Domestic Nightmares

Monika Rossa uses bright colors to depict terrifying scenes, with a touch of music thrown in

Colored inks have set Monika Rossa free.

Her 18 works at The Drawing Studio are officially drawings in colored ink, but they look like nothing so much as the most fluid of paintings, wildly rendered in the wildest of hues.

Blood red, sun yellow, jungle green and nightmare black explode across her sheets of drawing paper, which somehow seem larger than their 18 by 24 inches. Spattered, layered, slashed and sometimes even finger-painted, her brushes and fingers going every which way, these works are the freest yet from this Tucson painter.

Better known for her more commercial paintings on acrylic, which she readily sells at Wilde Meyer in the Foothills, Rossa on this go-round is working improvisationally. She writes in an artist's statement, "I could do 500 of these without thinking or waiting for inspiration. They are completed in one linear process; then I begin another one."

So engaging is her technique that at first, you almost ignore the works' searing subject matter. Though at times almost abstracted, they're full of the children, violins, cats, dogs, plants and flowers that fill her regular, more cheerful paintings. Filling the domestic interiors of these works in a kaleidoscope of colors; they make for pictures that look almost like gardens gone wild indoors. That is, until the figures explode.

Because there are also male monsters aplenty in these pictures, and headless women and flying hands cut off from any body. A male alligator fiend appears in green and a hellish wolf-man in red, not to mention the woman whose head and limbs have been cut off, and the woman whose face has been obliterated by a slash of black ink. The kids and cats and other innocent things are caught in the maelstrom whirling around these terrifying and terrified adults.

The Other Side, as the series is called, is a nightmare vision of domesticity, not only of a house divided, but a house detonated and destroyed.

A couple of the drawings conjure up free-form abstract space, but most of them picture a large room, whose only exit is a dark, windowless corridor. The domestic architecture yields up a palpable sense of entrapment.

"The Other Side III" is typical. A small child with spindly red hands plays a grand piano in a room whose teal walls open up on a doorway where a cat, incongruously, stands playing a violin. Their music--perhaps--protects these two, cat and kid, from the dreadful drama at hand.

In the center of the room, the alligator monster, its penis creepily visible, a plant upon its head, embraces a horrified woman who seems to have no means of escape. A boy lies naked on the floor at their feet; it's unclear whether he's dead or alive. A small girl clutches another cat, for comfort, one supposes. Plenty of other cats and even birds fly around the room, which reverberates in sickly yellow and belligerent blue.

In "The Other Side I" the figures grow larger, taking up more space and dominating the house of horrors. The room has turned a violent orange and black.

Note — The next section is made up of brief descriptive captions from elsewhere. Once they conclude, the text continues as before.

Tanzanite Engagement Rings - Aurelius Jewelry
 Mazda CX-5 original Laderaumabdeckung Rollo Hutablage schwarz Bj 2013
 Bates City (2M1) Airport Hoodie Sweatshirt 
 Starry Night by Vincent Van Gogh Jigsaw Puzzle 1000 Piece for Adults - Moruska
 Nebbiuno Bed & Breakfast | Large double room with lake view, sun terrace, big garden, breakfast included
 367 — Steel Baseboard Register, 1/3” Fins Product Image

A large female figure in orange, her blackened face seeming to erupt off her skull, is front and center, her arms waving wildly, a small child clinging to her. Other children look on, while a young girl studiously ignores the scene, concentrating instead on playing her violin. The desperate mother may well think that she's on the verge of escape. But a tall, naked figure blocks the doorway, and a baying black hound tails the fleeing woman and child.

This collection of creatures may have hit bottom in "The Other Side XIII." The black doorway is dissolving into hell, and a flying monster seems to be devouring a child painted yellow and orange. Yet despite a giant red rooster on the attack and a giant blue cat, a little girl in a dress continues to play her violin. An angel's wing sprouts from her back.

Darkly shaded though its notes are, music pervades these pictures. The power of music--and the power of art-making--helps counter-balance their catalogue of evils. Rossa says that her work is inspired by Brahms, by Rachmaninov, by Chopin, by Bach and by jazz, and this jazzy improvisational sensibility informs the fluid brush strokes of color and the free-flowing lines.

Even more importantly, perhaps, in almost every scene of horror, the little violinist plays on.